Alors que le secteur du tourisme, des loisirs et de l’événementiel a été l’un des plus touchés par la pandémie causée par le Sars-Cov-2, nous nous sommes interrogés sur le tourisme de demain. À quoi ressemblera-t-il ? Comment va-t-il évoluer ? Est-ce qu’il sera très différent du tourisme pré-COVID ? Pour imaginer le futur, nous avons consulté sept experts qui nous ont livré leur regard sur le sujet. Aujourd’hui, c’est Frédérick Nebout, directeur des programmes de l’École Supérieure de Tourisme et ancien directeur de l’office du tourisme d’Épernay qui nous livre ses impressions.
« Les professionnels du tourisme doivent prendre conscience de l’importance de la communication territoriale et du marketing. »
Comment les professionnels du tourisme ont-ils vécu cette période à votre connaissance ?
Frédérick Nebout : « Lorsque la pandémie a frappé, la stupeur fut intense. Personne n’imaginait une telle situation et les impacts que ça allait avoir, car le monde du tourisme, de l’hôtellerie et de la restauration s’est littéralement arrêté. Ce sont ces métiers qui font partie des premiers touchés, mais qui, heureusement, ont été sauvés grâce aux aides de l’État, afin de maintenir leur trésorerie à flot. La France est le premier pays touristique au monde, et il était indispensable que les pouvoirs publics interviennent. »
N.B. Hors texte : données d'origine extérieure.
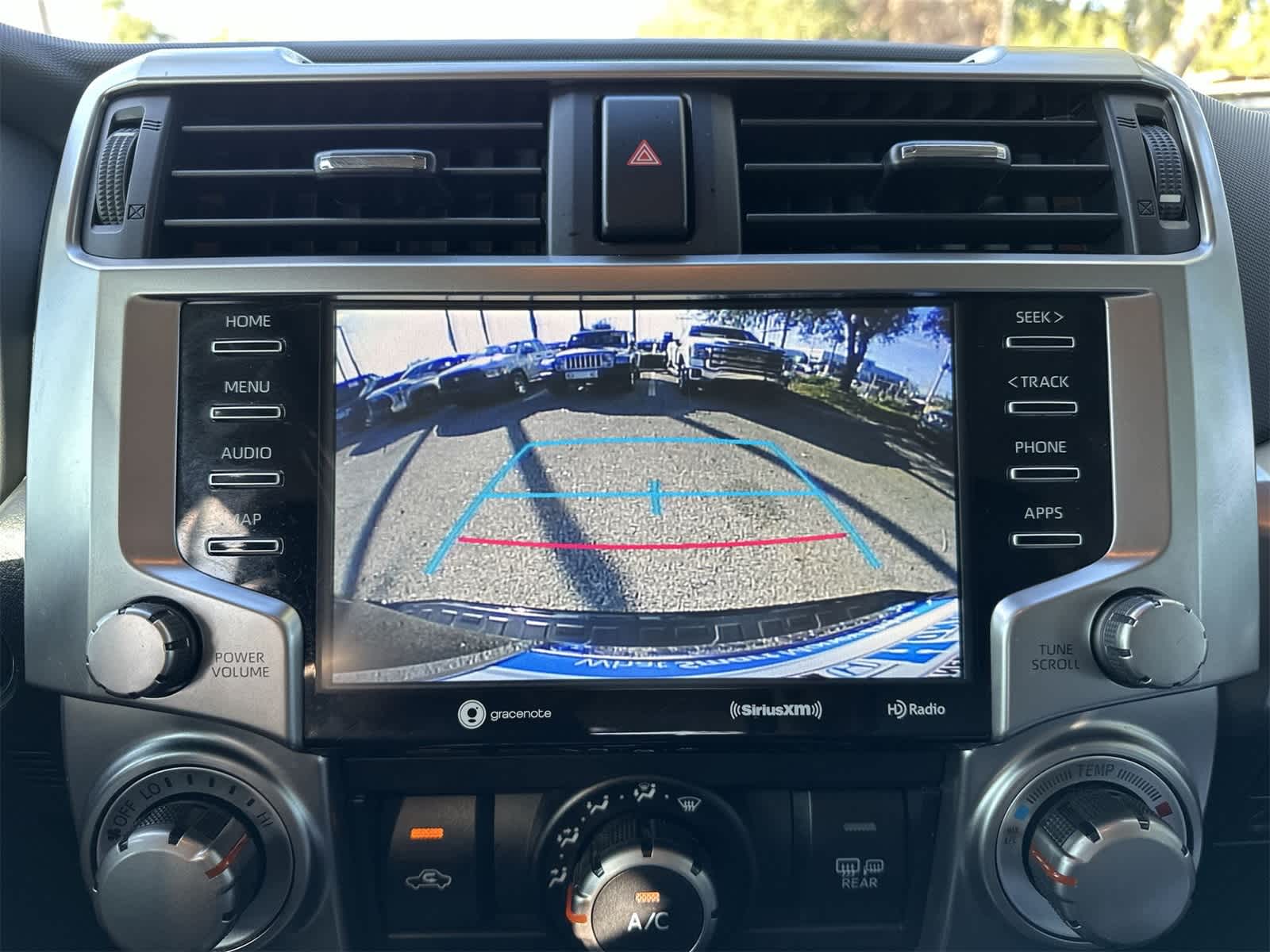 Thumbnail: 2022 Toyota 4Runner - 17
Quels sont les territoires qui profiteront le plus du tourisme dans le futur ?
Frédérick Nebout : « Je pense que ce seront ceux qui auront le mieux géré la crise sanitaire. Tous les territoires ne se remettront pas aussi facilement du tourisme qui est un secteur qui repose beaucoup sur la confiance. Selon la manière dont les règles sanitaires ont été mises en place et appliquées, il peut y avoir une forte différence et j’imagine que les touristes y seront sensibles. Sur le marché national, la pandémie a donné l’occasion à certains territoires de faire évoluer leur positionnement touristique. C’est notamment le cas du tourisme vert ou du tourisme durable qui commence à gagner ses lettres de noblesse. Ainsi, en Champagne-Ardenne, l’oenotourisme est une activité connexe à la vitiviniculture, mais qui se développe durablement. Plus que jamais, les professionnels du tourisme doivent prendre conscience de l’importance de la communication territoriale et du marketing pour construire et ajuster leurs offres. »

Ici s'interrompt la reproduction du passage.